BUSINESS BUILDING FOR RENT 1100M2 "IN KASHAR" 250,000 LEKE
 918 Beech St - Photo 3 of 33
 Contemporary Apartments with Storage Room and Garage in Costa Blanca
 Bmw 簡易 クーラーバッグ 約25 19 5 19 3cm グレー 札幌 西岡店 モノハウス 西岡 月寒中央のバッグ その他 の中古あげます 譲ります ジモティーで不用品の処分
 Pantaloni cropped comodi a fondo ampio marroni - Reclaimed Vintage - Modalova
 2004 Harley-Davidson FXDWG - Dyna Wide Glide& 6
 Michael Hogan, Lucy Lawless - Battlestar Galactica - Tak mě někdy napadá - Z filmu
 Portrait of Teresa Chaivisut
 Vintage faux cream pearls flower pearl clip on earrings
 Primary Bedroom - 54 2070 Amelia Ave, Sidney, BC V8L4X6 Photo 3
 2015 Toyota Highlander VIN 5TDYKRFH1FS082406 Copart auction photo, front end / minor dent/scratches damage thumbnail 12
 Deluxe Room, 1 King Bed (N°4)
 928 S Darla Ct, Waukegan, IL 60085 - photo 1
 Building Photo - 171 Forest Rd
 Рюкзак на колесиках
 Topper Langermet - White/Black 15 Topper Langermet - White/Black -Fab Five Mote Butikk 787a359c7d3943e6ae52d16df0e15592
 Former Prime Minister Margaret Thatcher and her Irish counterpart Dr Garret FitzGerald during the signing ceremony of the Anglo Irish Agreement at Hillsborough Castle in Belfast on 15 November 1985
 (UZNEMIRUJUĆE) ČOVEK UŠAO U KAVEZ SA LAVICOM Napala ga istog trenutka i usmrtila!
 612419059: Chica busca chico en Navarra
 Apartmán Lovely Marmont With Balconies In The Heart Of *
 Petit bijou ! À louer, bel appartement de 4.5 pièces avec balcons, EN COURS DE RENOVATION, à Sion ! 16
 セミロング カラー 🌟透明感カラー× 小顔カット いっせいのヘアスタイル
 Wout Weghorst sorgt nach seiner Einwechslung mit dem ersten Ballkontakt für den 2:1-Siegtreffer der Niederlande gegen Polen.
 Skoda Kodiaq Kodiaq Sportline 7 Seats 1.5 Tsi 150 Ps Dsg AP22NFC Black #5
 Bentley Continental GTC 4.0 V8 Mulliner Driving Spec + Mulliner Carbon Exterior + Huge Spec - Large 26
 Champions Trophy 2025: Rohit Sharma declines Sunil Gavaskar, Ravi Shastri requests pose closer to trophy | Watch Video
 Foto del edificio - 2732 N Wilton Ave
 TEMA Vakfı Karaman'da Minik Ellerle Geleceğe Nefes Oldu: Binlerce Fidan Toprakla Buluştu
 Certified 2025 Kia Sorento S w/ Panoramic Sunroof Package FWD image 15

_ _ _ _ _ _ _

• WHAT TO PRODUCE: Using the entries above, output exactly the lines between the line holding "918 Beech St - Photo 3 of 33" and the line holding "セミロング カラー 🌟透明感カラー× 小顔カット いっせいのヘアスタイル", end lines included, and nothing more.

• ANSWER FOR THE TASK:
 918 Beech St - Photo 3 of 33
 Contemporary Apartments with Storage Room and Garage in Costa Blanca
 Bmw 簡易 クーラーバッグ 約25 19 5 19 3cm グレー 札幌 西岡店 モノハウス 西岡 月寒中央のバッグ その他 の中古あげます 譲ります ジモティーで不用品の処分
 Pantaloni cropped comodi a fondo ampio marroni - Reclaimed Vintage - Modalova
 2004 Harley-Davidson FXDWG - Dyna Wide Glide& 6
 Michael Hogan, Lucy Lawless - Battlestar Galactica - Tak mě někdy napadá - Z filmu
 Portrait of Teresa Chaivisut
 Vintage faux cream pearls flower pearl clip on earrings
 Primary Bedroom - 54 2070 Amelia Ave, Sidney, BC V8L4X6 Photo 3
 2015 Toyota Highlander VIN 5TDYKRFH1FS082406 Copart auction photo, front end / minor dent/scratches damage thumbnail 12
 Deluxe Room, 1 King Bed (N°4)
 928 S Darla Ct, Waukegan, IL 60085 - photo 1
 Building Photo - 171 Forest Rd
 Рюкзак на колесиках
 Topper Langermet - White/Black 15 Topper Langermet - White/Black -Fab Five Mote Butikk 787a359c7d3943e6ae52d16df0e15592
 Former Prime Minister Margaret Thatcher and her Irish counterpart Dr Garret FitzGerald during the signing ceremony of the Anglo Irish Agreement at Hillsborough Castle in Belfast on 15 November 1985
 (UZNEMIRUJUĆE) ČOVEK UŠAO U KAVEZ SA LAVICOM Napala ga istog trenutka i usmrtila!
 612419059: Chica busca chico en Navarra
 Apartmán Lovely Marmont With Balconies In The Heart Of *
 Petit bijou ! À louer, bel appartement de 4.5 pièces avec balcons, EN COURS DE RENOVATION, à Sion ! 16
 セミロング カラー 🌟透明感カラー× 小顔カット いっせいのヘアスタイル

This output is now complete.